Return exactly the lines of the entries that start at the line containing "Roxie by Alexander" and continue to the last line. Omit the pictures.

________

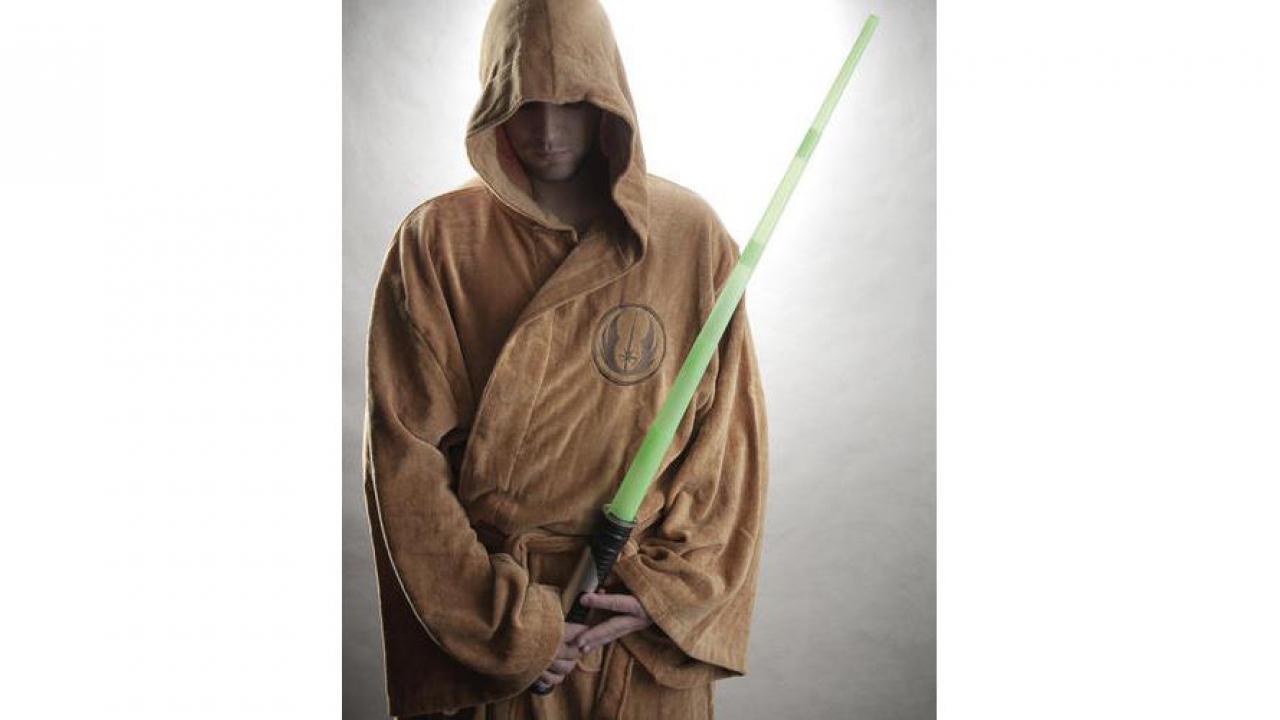 Peignoir star wars clearance jedi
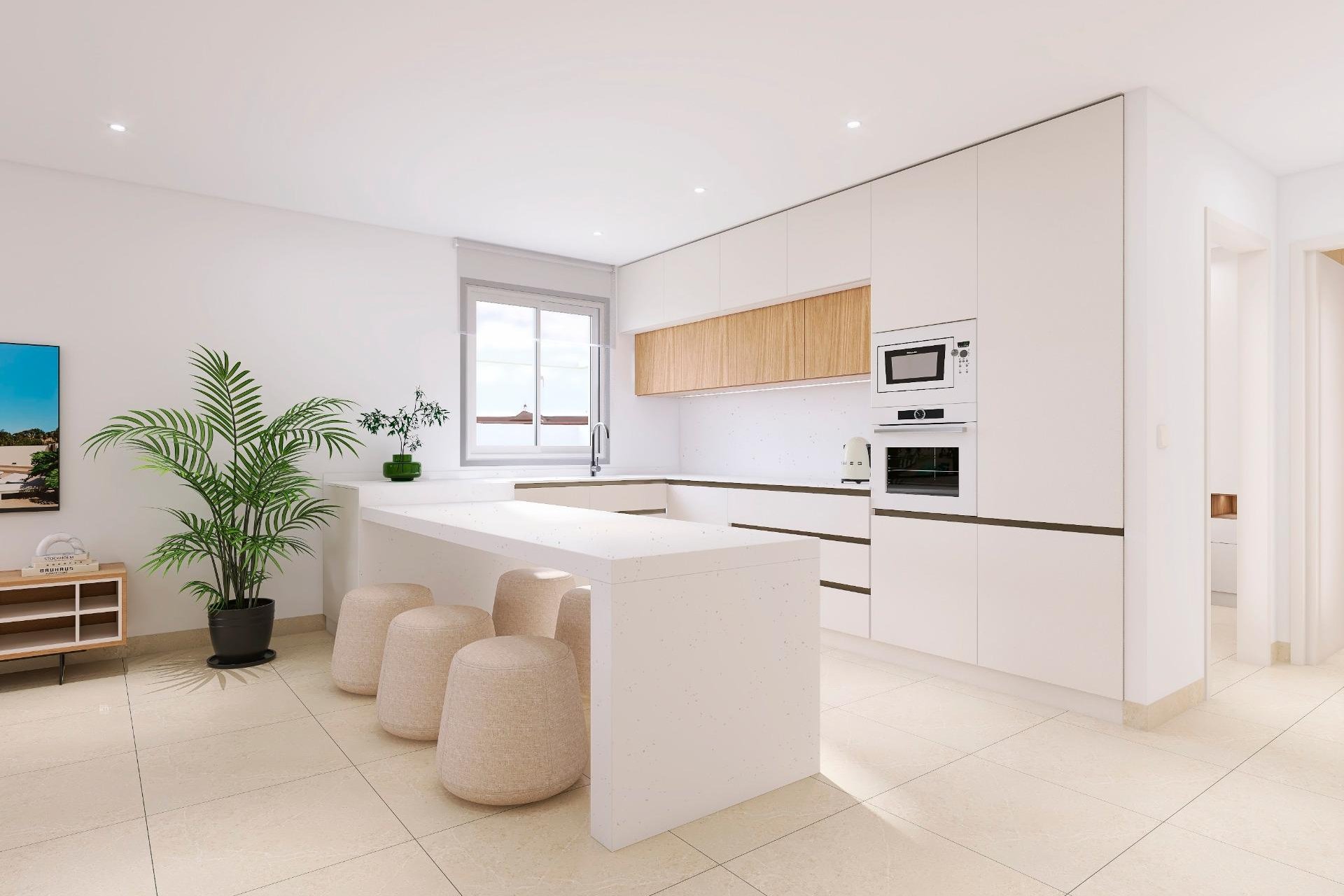 New build - Semi-detached house / Quad -
Bigastro - Pueblo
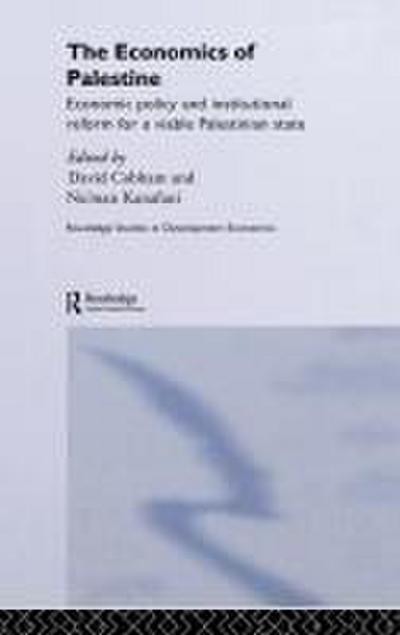 The Economics of Palestine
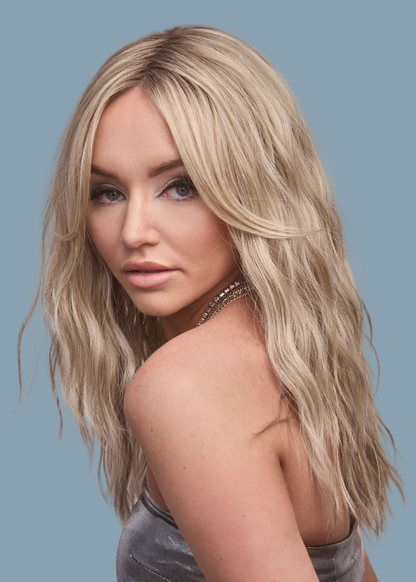 Roxie by Alexander Couture in Buttercream Blond-R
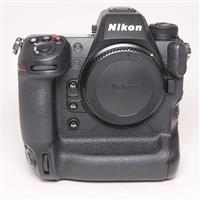 Used Nikon Z9 Full Frame Mirrorless Camera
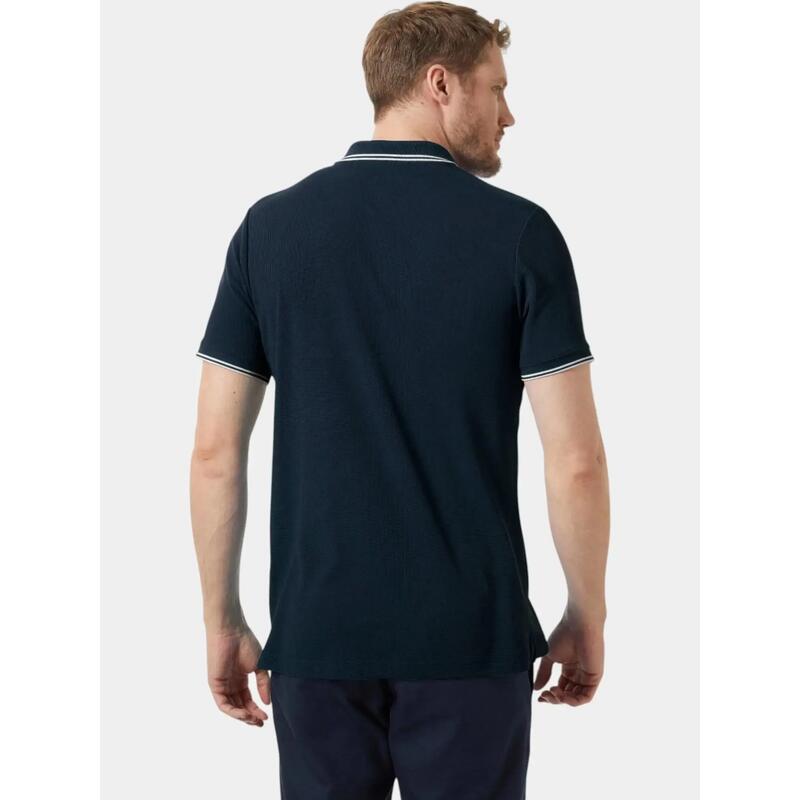 Tricou cu guler Kos Polo barbati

________

FINISHED TASK:
 Roxie by Alexander Couture in Buttercream Blond-R
 Used Nikon Z9 Full Frame Mirrorless Camera
 Tricou cu guler Kos Polo barbati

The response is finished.